Aitziber González García is co-host of the podcast Autotune o Barbarie and a specialist in urban music who has already dealt with this topic in one of her programs. “Sex in Spain is still a taboo, perhaps because of the Judeo-Christian tradition,” she says. “There are many morally prejudiced people who do not understand how a woman can talk about submission in sex and that this can be voluntary. They say: ‘I want to be submissive, is that a problem?’ These women are also criticized on moralistic grounds by certain feminists with a condescending and paternalistic attitude who feel they have the right to decide between good feminists and bad. They are the ones who say Bad Gyal is anti-feminist because she objectifies herself and La Zowi is anti-feminist because she calls herself a whore. And then there are the guys who criticize them, arguing that these songs are indecent. I’d like to see their online histories with all their porn searches. It’s all pretty hypocritical.”

López Castilla adds: “They are sexualizing themselves in order to reverse how ‘whore’ is socially and culturally understood; they are effectively appropriating not only the insult, but what a ‘whore’ does, obviously choosing and enjoying it.”

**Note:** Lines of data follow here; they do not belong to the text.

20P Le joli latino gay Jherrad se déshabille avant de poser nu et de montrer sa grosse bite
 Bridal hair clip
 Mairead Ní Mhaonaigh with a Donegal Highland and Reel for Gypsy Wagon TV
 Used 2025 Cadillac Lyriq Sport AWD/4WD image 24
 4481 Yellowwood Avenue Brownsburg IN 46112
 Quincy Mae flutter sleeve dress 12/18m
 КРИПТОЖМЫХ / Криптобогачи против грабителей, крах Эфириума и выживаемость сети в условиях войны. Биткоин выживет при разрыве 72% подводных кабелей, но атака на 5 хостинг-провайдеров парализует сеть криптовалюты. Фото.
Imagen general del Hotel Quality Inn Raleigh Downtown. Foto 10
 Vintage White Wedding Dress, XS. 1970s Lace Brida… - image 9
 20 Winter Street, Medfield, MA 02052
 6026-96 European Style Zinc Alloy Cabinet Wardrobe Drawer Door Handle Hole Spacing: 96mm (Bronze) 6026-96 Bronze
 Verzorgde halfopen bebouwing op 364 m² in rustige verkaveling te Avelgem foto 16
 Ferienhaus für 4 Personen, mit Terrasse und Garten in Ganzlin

Rosa Cobo, professor of Sociology at Spain’s University of A Coruña and a feminist theorist, disagrees: “From my point of view, they are portrayals linked to pornography and prostitution. The lyrics and images reinforce the extreme sexualization of women. What I find very interesting is that the images have a lot to do with pornographic fantasy that is permeating contemporary culture in a very specific way regarding some types of music, as well as fashion, cinema and advertising.”

There is a certain undeniable factor that some of these singers recognize: talking about sex in the urban scene is fashionable, and it sells. “The ass is fashionable, we won’t deny it,” says Bad Gyal. The paradox is also apparent in Ms Nina’s comments: “I am reaching more people now. I want to keep the style of my lyrics, but maybe not say so many obscene things. I have already signed with a multinational and I would love to be heard everywhere. I think the time has come, maybe not to soften the message, but to avoid saying so many obscene words.”

Meanwhile, as demand grows, an increasing number of venues are booking these singers for concerts. “I’ve been to many concerts in many genres, and the healthiest and safest environment I’ve been in has been at La Zowi’s concerts. There are a lot of very young people with a diversity that you don’t see in other spaces – trans, different ethnic groups, non-heteronormative people... These singers have a great capacity to create safe spaces in a very spontaneous way and, in a way, they have a liberating effect on people,” says Aitziber González.

Away from the controversy, it is important to recognize that this is about music and culture. Bad Gyal sums it up: “The good thing about art is that we can talk about whatever we want. When I’m in the creative process, I don’t think about whether I’m going to be rejected by any particular sector. Maybe there are people who don’t understand me, but there are others who do.”